** Opening DATA TO USE block **

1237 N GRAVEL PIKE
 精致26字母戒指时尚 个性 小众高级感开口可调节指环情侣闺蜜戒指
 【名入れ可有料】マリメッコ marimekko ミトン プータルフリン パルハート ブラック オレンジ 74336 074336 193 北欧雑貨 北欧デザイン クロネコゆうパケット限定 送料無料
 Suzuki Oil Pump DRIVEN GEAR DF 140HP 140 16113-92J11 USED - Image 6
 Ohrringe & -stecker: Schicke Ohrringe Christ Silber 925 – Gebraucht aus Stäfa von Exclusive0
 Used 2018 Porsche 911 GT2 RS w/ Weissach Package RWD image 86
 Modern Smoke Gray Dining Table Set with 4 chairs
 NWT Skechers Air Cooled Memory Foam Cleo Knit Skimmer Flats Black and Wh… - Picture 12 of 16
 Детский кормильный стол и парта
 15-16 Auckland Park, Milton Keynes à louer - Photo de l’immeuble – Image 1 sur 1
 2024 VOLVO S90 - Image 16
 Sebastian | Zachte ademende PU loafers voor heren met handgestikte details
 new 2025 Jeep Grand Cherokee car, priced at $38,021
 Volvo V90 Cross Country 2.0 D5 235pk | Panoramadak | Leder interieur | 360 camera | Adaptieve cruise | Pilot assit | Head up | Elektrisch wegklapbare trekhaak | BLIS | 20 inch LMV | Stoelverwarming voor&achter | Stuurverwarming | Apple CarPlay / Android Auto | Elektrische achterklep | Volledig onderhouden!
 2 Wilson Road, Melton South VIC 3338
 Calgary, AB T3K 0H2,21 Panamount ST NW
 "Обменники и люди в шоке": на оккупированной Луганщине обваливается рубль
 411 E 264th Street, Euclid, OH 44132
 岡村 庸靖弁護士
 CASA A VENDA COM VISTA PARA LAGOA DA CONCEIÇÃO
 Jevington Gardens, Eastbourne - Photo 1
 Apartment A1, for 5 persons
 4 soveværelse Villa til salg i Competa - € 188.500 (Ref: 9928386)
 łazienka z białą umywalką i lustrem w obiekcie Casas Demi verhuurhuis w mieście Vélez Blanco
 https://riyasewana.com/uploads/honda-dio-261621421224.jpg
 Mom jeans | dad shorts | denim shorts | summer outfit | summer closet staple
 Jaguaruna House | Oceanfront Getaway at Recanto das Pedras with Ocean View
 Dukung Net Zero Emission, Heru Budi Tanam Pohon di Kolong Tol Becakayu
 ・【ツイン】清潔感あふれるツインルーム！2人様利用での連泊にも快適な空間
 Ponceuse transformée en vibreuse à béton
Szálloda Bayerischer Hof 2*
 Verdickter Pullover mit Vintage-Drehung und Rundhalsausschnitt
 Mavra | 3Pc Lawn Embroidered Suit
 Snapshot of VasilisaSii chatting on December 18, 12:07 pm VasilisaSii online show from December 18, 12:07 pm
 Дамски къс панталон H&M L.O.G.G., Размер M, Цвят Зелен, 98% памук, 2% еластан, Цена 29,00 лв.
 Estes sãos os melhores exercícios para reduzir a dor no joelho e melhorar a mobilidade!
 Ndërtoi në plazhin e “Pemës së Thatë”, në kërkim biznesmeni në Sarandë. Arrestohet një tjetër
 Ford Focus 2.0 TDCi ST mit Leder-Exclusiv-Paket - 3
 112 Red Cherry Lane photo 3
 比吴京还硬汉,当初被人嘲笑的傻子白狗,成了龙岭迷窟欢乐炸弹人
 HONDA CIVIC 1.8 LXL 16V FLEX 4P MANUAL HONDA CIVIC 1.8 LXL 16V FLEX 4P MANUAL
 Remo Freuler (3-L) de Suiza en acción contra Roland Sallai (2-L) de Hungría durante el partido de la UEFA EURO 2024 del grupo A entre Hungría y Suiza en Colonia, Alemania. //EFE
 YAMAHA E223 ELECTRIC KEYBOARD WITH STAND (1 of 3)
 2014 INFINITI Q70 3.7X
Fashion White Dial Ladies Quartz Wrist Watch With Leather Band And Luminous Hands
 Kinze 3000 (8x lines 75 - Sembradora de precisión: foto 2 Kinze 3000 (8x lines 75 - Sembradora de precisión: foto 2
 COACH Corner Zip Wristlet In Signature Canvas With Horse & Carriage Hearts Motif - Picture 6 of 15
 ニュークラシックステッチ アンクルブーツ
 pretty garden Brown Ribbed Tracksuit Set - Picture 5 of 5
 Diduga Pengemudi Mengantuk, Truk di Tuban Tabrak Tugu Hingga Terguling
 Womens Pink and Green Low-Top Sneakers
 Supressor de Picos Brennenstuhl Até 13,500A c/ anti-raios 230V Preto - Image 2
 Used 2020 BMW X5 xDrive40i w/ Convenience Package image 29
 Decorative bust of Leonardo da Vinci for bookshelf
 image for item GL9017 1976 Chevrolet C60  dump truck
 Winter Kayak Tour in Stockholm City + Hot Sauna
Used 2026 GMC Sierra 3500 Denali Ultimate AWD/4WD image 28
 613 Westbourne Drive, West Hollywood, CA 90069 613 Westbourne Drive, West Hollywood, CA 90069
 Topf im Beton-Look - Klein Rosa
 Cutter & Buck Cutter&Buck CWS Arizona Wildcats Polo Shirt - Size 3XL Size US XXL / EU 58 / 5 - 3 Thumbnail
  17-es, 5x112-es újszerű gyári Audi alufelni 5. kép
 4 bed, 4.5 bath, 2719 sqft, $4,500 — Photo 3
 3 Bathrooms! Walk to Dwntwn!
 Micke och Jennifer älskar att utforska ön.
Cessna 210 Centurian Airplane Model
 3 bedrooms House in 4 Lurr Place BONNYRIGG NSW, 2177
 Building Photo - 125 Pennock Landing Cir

** Closing DATA TO USE block **

■ EXERCISE DETAILS ■
Report each line in the preceding entries that holds the string "House".

■ WORKED SOLUTION ■
 Jaguaruna House | Oceanfront Getaway at Recanto das Pedras with Ocean View
 3 bedrooms House in 4 Lurr Place BONNYRIGG NSW, 2177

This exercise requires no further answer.